Dataset excerpts
+-------+
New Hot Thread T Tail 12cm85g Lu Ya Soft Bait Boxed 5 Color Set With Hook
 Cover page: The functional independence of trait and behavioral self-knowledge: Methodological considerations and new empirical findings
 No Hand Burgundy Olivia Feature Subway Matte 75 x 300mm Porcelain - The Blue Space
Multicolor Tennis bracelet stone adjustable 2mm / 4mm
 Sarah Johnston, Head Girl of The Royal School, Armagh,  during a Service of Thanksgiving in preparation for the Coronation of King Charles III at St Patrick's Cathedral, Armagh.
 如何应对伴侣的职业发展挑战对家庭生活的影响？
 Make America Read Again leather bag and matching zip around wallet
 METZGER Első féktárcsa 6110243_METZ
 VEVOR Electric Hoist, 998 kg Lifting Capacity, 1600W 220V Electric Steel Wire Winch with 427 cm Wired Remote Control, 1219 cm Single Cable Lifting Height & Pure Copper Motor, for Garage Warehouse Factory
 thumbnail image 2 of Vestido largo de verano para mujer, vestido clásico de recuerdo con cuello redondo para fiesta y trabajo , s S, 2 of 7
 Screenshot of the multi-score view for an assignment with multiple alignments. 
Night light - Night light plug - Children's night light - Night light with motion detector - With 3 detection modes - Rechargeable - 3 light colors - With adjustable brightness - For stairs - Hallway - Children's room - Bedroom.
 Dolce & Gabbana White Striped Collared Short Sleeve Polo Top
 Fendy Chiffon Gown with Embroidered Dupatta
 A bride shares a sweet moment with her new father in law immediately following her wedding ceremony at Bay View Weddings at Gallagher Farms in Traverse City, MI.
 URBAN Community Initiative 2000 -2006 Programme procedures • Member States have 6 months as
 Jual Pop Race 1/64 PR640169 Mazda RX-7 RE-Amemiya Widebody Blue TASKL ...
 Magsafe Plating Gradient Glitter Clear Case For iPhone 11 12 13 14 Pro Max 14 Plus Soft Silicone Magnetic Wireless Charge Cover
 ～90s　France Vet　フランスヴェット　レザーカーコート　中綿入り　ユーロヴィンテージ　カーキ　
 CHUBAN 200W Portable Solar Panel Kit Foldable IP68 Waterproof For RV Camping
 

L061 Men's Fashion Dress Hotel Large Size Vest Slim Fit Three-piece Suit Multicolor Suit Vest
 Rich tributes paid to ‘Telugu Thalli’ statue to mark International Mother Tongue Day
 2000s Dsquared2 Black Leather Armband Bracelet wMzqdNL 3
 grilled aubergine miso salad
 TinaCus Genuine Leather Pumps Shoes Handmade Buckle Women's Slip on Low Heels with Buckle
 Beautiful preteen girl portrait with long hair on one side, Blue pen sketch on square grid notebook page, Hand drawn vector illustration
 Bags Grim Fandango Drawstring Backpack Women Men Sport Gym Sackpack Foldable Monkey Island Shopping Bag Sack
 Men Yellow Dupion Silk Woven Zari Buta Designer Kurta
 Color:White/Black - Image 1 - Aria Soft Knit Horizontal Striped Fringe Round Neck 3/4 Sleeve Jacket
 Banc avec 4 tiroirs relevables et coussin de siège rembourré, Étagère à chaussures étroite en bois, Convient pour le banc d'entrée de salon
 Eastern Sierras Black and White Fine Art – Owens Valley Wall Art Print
+-------+
Prompt
Your task is to give the records above again, exactly.

Task output
New Hot Thread T Tail 12cm85g Lu Ya Soft Bait Boxed 5 Color Set With Hook
 Cover page: The functional independence of trait and behavioral self-knowledge: Methodological considerations and new empirical findings
 No Hand Burgundy Olivia Feature Subway Matte 75 x 300mm Porcelain - The Blue Space
Multicolor Tennis bracelet stone adjustable 2mm / 4mm
 Sarah Johnston, Head Girl of The Royal School, Armagh,  during a Service of Thanksgiving in preparation for the Coronation of King Charles III at St Patrick's Cathedral, Armagh.
 如何应对伴侣的职业发展挑战对家庭生活的影响？
 Make America Read Again leather bag and matching zip around wallet
 METZGER Első féktárcsa 6110243_METZ
 VEVOR Electric Hoist, 998 kg Lifting Capacity, 1600W 220V Electric Steel Wire Winch with 427 cm Wired Remote Control, 1219 cm Single Cable Lifting Height & Pure Copper Motor, for Garage Warehouse Factory
 thumbnail image 2 of Vestido largo de verano para mujer, vestido clásico de recuerdo con cuello redondo para fiesta y trabajo , s S, 2 of 7
 Screenshot of the multi-score view for an assignment with multiple alignments. 
Night light - Night light plug - Children's night light - Night light with motion detector - With 3 detection modes - Rechargeable - 3 light colors - With adjustable brightness - For stairs - Hallway - Children's room - Bedroom.
 Dolce & Gabbana White Striped Collared Short Sleeve Polo Top
 Fendy Chiffon Gown with Embroidered Dupatta
 A bride shares a sweet moment with her new father in law immediately following her wedding ceremony at Bay View Weddings at Gallagher Farms in Traverse City, MI.
 URBAN Community Initiative 2000 -2006 Programme procedures • Member States have 6 months as
 Jual Pop Race 1/64 PR640169 Mazda RX-7 RE-Amemiya Widebody Blue TASKL ...
 Magsafe Plating Gradient Glitter Clear Case For iPhone 11 12 13 14 Pro Max 14 Plus Soft Silicone Magnetic Wireless Charge Cover
 ～90s　France Vet　フランスヴェット　レザーカーコート　中綿入り　ユーロヴィンテージ　カーキ　
 CHUBAN 200W Portable Solar Panel Kit Foldable IP68 Waterproof For RV Camping
 

L061 Men's Fashion Dress Hotel Large Size Vest Slim Fit Three-piece Suit Multicolor Suit Vest
 Rich tributes paid to ‘Telugu Thalli’ statue to mark International Mother Tongue Day
 2000s Dsquared2 Black Leather Armband Bracelet wMzqdNL 3
 grilled aubergine miso salad
 TinaCus Genuine Leather Pumps Shoes Handmade Buckle Women's Slip on Low Heels with Buckle
 Beautiful preteen girl portrait with long hair on one side, Blue pen sketch on square grid notebook page, Hand drawn vector illustration
 Bags Grim Fandango Drawstring Backpack Women Men Sport Gym Sackpack Foldable Monkey Island Shopping Bag Sack
 Men Yellow Dupion Silk Woven Zari Buta Designer Kurta
 Color:White/Black - Image 1 - Aria Soft Knit Horizontal Striped Fringe Round Neck 3/4 Sleeve Jacket
 Banc avec 4 tiroirs relevables et coussin de siège rembourré, Étagère à chaussures étroite en bois, Convient pour le banc d'entrée de salon
 Eastern Sierras Black and White Fine Art – Owens Valley Wall Art Print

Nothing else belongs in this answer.